Composite bonding, composite veneers, cosmetic bonding, artistic bonding…all of these terms refer to the same veneers treatment in principle: the placement of a white resin material onto your existing teeth that forms a chemical union with them resulting in a more desirable appearance in terms of shape and colour that last up to six years on average.

Fill out the contact form below for a virtual consultation with one of our cosmetic dentists.

Why are composite veneers so popular?

They’re fast! Composite veneers can be done over one appointment start to finish, which gives them an edge on porcelain veneers and almost all other treatments. Composite is a very versatile material that can be used in all manner of methods, which gives dentists the creativity to push the material to its limits. It is worth highlighting that this can come with some negative effects, keep reading to find out.

Are composite veneers better than ceramic/porcelain?

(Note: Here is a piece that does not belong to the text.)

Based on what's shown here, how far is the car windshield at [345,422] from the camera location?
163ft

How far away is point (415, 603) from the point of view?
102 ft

Despite the great advantages of the material, from an aesthetic point of view composite resin is generally agreed to be inferior to ceramic or porcelain veneers. The reasons for this are to do with the nature of plastic resin losing its lustre or shine over time. It requires annual polishing to keep it looking good, whereas ceramic does not change in its polish or colour at all.

Ceramic is easier to keep clean owing to its bespoke manufacturing process. Composite resin is placed by hand on the day, so it cannot be as refined as a ceramic surface made in a dental laboratory.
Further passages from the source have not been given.